2Electrical Engineering Department, State Polytechnic Jakarta, Indonesia

Email address:

mutiar.tiar@gmail.com

*Corresponding author

To cite this article:

Mutiar, Siswandi, Marniati, Y. ., Nurhaida, & Monika, D. . (2022). Testing of Deliver Active Power for Operation Sub–Sync and Super-Sync on Doubly Fed Induction Generator Applied in Wind Turbine . International Journal of Research in Vocational Studies (IJRVOCAS), 2(3), 71–

77. https://doi.org/10.53893/ijrvocas.v2i3.152

Received: November 29, 2022; Accepted: December 12, 2022; Published: December 27, 2022

Abstract:

Technology developments related to the renewable energy industry are increasing, one example of wind power generation technology which has several relationship configurations with generator. This system configuration is known a wind generator with a DFIG (Double Fed Induction Generator). This system can supply active power from the induction generator stator connected directly to the network while the rotor is connected to the network through a back to back converter. The operation of the double feeder induction generator (DFIG) consists of two conditions, the first condition is super-synchronous where power will be transmitted from the rotor through the converter to the network and the second condition is sub-synchronous where the rotor will absorb power from the network through the converter. This research was conducted to determine the active power distribution in two operating conditions of a double feeder induction generator. Generator power delivery increases for sub-synchronous and super-synchronous operation when active MSC increases from 10% to 60% and generator speed is constant.

For a changing speed and a constant active MSC, constant power distribution from the generator (PDFIG) is obtained.

Keywords: PLTB, DFIG, power control, power converter

1. Introduction

The more use of fossil materials used for electricity generation, the less available it will be, so the solutions is needed to overcome this. The solution that can be done is renewable energy in the form of sun, wind, sea waves and so on which environmentally friendly [1-3]. In addition to renewable energy in the form of solar which is growing rapidly, wind energy can also potentially be used to generate electricity. Wind energy has speed and direction that is always changing and cannot be predicted, so that it can cause the speed of the wind turbine to change. This change in wind speed will change the electrical energy

generated by the generator, causing instability of deadly electrical energy. The wind speed fluctuation is attracting more interest from researchers to use the variable speed generators. Besides, the advanced design of electronic devices has incorporated power electronic function in driving with variable speed generator [4]. Comparison of FSGs is an important function. Among variable speed generator, the DFIG plays a significant role in promoting complex operating conditions as an electric generator. In wind energy, these generators are dual – feed induction generator (DFIG) and synchronous generator (SG) under

extreme consideration. Figure 2. Is depicting the DFIG-WT system and the DFIG generator, grid side converter (GSC and its filters), rotor side converter (RSC), the DC link, control system two fault point, transformator and load [3].
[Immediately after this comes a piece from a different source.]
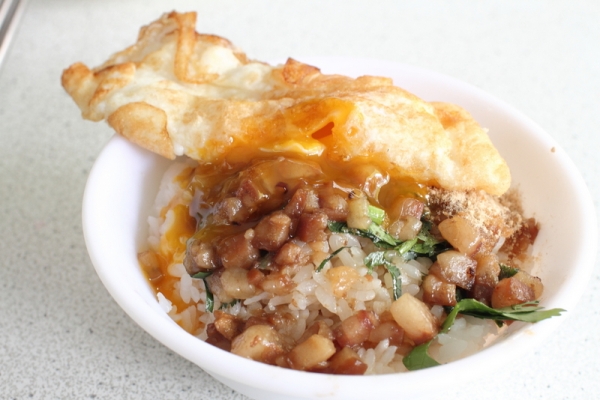 【前金早午餐】前金肉燥饭 - 传承三代台湾小吃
DFIG based system benefits are outlined in [5]. (1) The higher rating converters increases the performance of the system; the system with low rating types is considered disadvantageous. (2) Retaining a regulation of the economically and technologically normal power element.

(3) Has the capacity to work within a large range of wind direction. (4) The quadrant converter require control of the active and reactive power of the generator by the rotor circuit. (5) Have the slip value of s = -1 capability that the DFIG can even produce twice as much of it rating power [6-7]. Wind turbine technology can be grouped into three type; 1) System without power electronics, 2) System with some power electronics, in the first system using an induction generator with voltage directly connected to the network (grid) without power electronics as shown in Figure 1 [8].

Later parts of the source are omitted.